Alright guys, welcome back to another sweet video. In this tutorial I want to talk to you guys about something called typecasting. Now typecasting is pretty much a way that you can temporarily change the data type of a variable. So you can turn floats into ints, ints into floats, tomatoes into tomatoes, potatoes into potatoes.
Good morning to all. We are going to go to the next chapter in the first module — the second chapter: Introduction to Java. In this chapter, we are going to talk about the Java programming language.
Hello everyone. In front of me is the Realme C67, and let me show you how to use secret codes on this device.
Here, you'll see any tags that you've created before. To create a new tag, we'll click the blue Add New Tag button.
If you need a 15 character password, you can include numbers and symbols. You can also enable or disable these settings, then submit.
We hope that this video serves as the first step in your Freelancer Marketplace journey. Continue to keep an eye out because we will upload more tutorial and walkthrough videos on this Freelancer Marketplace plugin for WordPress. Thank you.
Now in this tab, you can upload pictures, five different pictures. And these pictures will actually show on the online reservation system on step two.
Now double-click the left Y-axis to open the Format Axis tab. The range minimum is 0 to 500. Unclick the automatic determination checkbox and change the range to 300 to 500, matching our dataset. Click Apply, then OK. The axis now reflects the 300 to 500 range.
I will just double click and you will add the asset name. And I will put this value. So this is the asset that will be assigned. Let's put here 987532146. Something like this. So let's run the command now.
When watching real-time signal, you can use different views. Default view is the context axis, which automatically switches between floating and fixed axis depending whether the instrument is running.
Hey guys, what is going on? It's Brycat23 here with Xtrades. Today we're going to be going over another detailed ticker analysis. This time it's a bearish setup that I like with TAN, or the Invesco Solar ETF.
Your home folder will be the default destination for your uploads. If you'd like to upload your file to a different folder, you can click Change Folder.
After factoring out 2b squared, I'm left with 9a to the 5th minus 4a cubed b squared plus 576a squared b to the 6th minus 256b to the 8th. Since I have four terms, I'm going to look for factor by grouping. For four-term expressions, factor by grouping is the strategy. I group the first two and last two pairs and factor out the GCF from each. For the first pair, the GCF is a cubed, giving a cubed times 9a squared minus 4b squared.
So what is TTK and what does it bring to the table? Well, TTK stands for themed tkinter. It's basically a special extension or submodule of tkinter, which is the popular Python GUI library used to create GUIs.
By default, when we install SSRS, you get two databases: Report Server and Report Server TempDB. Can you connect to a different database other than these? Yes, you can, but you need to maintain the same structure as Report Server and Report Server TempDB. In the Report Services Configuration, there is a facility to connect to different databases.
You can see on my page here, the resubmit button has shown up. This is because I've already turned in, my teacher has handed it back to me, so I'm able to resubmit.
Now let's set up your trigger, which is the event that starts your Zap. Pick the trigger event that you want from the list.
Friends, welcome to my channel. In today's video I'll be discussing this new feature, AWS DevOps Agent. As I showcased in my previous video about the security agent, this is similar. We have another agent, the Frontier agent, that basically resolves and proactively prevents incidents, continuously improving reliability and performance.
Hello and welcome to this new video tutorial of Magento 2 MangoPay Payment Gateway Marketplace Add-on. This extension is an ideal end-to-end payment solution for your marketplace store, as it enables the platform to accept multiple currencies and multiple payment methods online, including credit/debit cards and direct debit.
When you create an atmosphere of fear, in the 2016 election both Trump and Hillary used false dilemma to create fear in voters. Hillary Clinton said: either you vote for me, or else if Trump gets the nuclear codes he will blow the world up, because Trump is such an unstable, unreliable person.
= = = = =
◆ **WORK REQUIRED**
Give back the data exactly.

◆ **WORKED SOLUTION**
Alright guys, welcome back to another sweet video. In this tutorial I want to talk to you guys about something called typecasting. Now typecasting is pretty much a way that you can temporarily change the data type of a variable. So you can turn floats into ints, ints into floats, tomatoes into tomatoes, potatoes into potatoes.
Good morning to all. We are going to go to the next chapter in the first module — the second chapter: Introduction to Java. In this chapter, we are going to talk about the Java programming language.
Hello everyone. In front of me is the Realme C67, and let me show you how to use secret codes on this device.
Here, you'll see any tags that you've created before. To create a new tag, we'll click the blue Add New Tag button.
If you need a 15 character password, you can include numbers and symbols. You can also enable or disable these settings, then submit.
We hope that this video serves as the first step in your Freelancer Marketplace journey. Continue to keep an eye out because we will upload more tutorial and walkthrough videos on this Freelancer Marketplace plugin for WordPress. Thank you.
Now in this tab, you can upload pictures, five different pictures. And these pictures will actually show on the online reservation system on step two.
Now double-click the left Y-axis to open the Format Axis tab. The range minimum is 0 to 500. Unclick the automatic determination checkbox and change the range to 300 to 500, matching our dataset. Click Apply, then OK. The axis now reflects the 300 to 500 range.
I will just double click and you will add the asset name. And I will put this value. So this is the asset that will be assigned. Let's put here 987532146. Something like this. So let's run the command now.
When watching real-time signal, you can use different views. Default view is the context axis, which automatically switches between floating and fixed axis depending whether the instrument is running.
Hey guys, what is going on? It's Brycat23 here with Xtrades. Today we're going to be going over another detailed ticker analysis. This time it's a bearish setup that I like with TAN, or the Invesco Solar ETF.
Your home folder will be the default destination for your uploads. If you'd like to upload your file to a different folder, you can click Change Folder.
After factoring out 2b squared, I'm left with 9a to the 5th minus 4a cubed b squared plus 576a squared b to the 6th minus 256b to the 8th. Since I have four terms, I'm going to look for factor by grouping. For four-term expressions, factor by grouping is the strategy. I group the first two and last two pairs and factor out the GCF from each. For the first pair, the GCF is a cubed, giving a cubed times 9a squared minus 4b squared.
So what is TTK and what does it bring to the table? Well, TTK stands for themed tkinter. It's basically a special extension or submodule of tkinter, which is the popular Python GUI library used to create GUIs.
By default, when we install SSRS, you get two databases: Report Server and Report Server TempDB. Can you connect to a different database other than these? Yes, you can, but you need to maintain the same structure as Report Server and Report Server TempDB. In the Report Services Configuration, there is a facility to connect to different databases.
You can see on my page here, the resubmit button has shown up. This is because I've already turned in, my teacher has handed it back to me, so I'm able to resubmit.
Now let's set up your trigger, which is the event that starts your Zap. Pick the trigger event that you want from the list.
Friends, welcome to my channel. In today's video I'll be discussing this new feature, AWS DevOps Agent. As I showcased in my previous video about the security agent, this is similar. We have another agent, the Frontier agent, that basically resolves and proactively prevents incidents, continuously improving reliability and performance.
Hello and welcome to this new video tutorial of Magento 2 MangoPay Payment Gateway Marketplace Add-on. This extension is an ideal end-to-end payment solution for your marketplace store, as it enables the platform to accept multiple currencies and multiple payment methods online, including credit/debit cards and direct debit.
When you create an atmosphere of fear, in the 2016 election both Trump and Hillary used false dilemma to create fear in voters. Hillary Clinton said: either you vote for me, or else if Trump gets the nuclear codes he will blow the world up, because Trump is such an unstable, unreliable person.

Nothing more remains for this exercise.